El parque inmobiliario de Encina de San Silvestre, compuesto por unas 119 unidades residenciales, presenta características típicas de los núcleos rurales de la comarca de Ledesma. La mayoría de las construcciones son viviendas unifamiliares de tipología tradicional, muchas de ellas edificadas antes de la entrada en vigor de la NBE-CT 79, lo que suele resultar en calificaciones energéticas situadas en las letras E, F o G. Estas viviendas suelen carecer de aislamiento en cámaras de aire y cuentan con carpinterías de madera o aluminio sencillo. Sin embargo, aquellas propiedades rehabilitadas recientemente o de nueva construcción pueden alcanzar niveles C o D. Para mejorar la calificación en esta zona climática D3, las intervenciones más efectivas suelen ser el trasdosado de muros exteriores con lana de roca, la sustitución de calderas de gasoil por sistemas de aerotermia o biomasa, y la instalación de vidrios bajo emisivos con rotura de puente térmico.
El marco normativo que regula la eficiencia energética en Encina de San Silvestre es el Real Decreto 390/2021 a nivel nacional, y las directrices de la Junta de Castilla y León a nivel regional. El organismo encargado de gestionar los expedientes es el Ente Regional de la Energía de Castilla y León (EREN), que supervisa el registro oficial de certificados.
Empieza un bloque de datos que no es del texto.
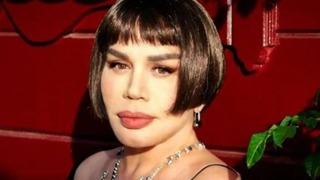 Saçlarını kazıttığı söylenmişti! Sezen Aksu'nun son hali ortaya çıktı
Es imperativo que, tras la firma del técnico, el documento sea registrado telemáticamente en esta plataforma para que adquiera validez legal y se obtenga la etiqueta energética oficial. Este trámite incluye el pago de una tasa administrativa que, para una vivienda individual, se sitúa actualmente en 29,10€. Sin el código de registro y la etiqueta con el sello de la Junta, el certificado carece de validez para su presentación en notarías o ante la administración para solicitar ayudas a la rehabilitación energética financiadas por fondos Next Generation.
No disponer del certificado energético en Encina de San Silvestre al anunciar un inmueble en venta o alquiler puede acarrear sanciones económicas considerables según la Ley 8/2013 de rehabilitación, regeneración y renovación urbanas. Las infracciones se clasifican en:
- Leves (300€ a 600€): Por anunciar la venta o alquiler sin mencionar la calificación energética o no renovar un certificado caducado (validez de 10 años, o 5 años si la calificación es G).
- Graves (601€ a 1.000€): Por vender o alquilar un inmueble sin entregar el certificado válido al comprador o arrendatario.
- Muy graves (1.001€ a 6.000€): Por falsear la información del certificado o actuar como técnico certificador sin cumplir los requisitos.
En una localidad pequeña, el control suele realizarse a través de la supervisión de los portales inmobiliarios y en el momento de la firma de escrituras, donde el notario exigirá obligatoriamente el documento registrado.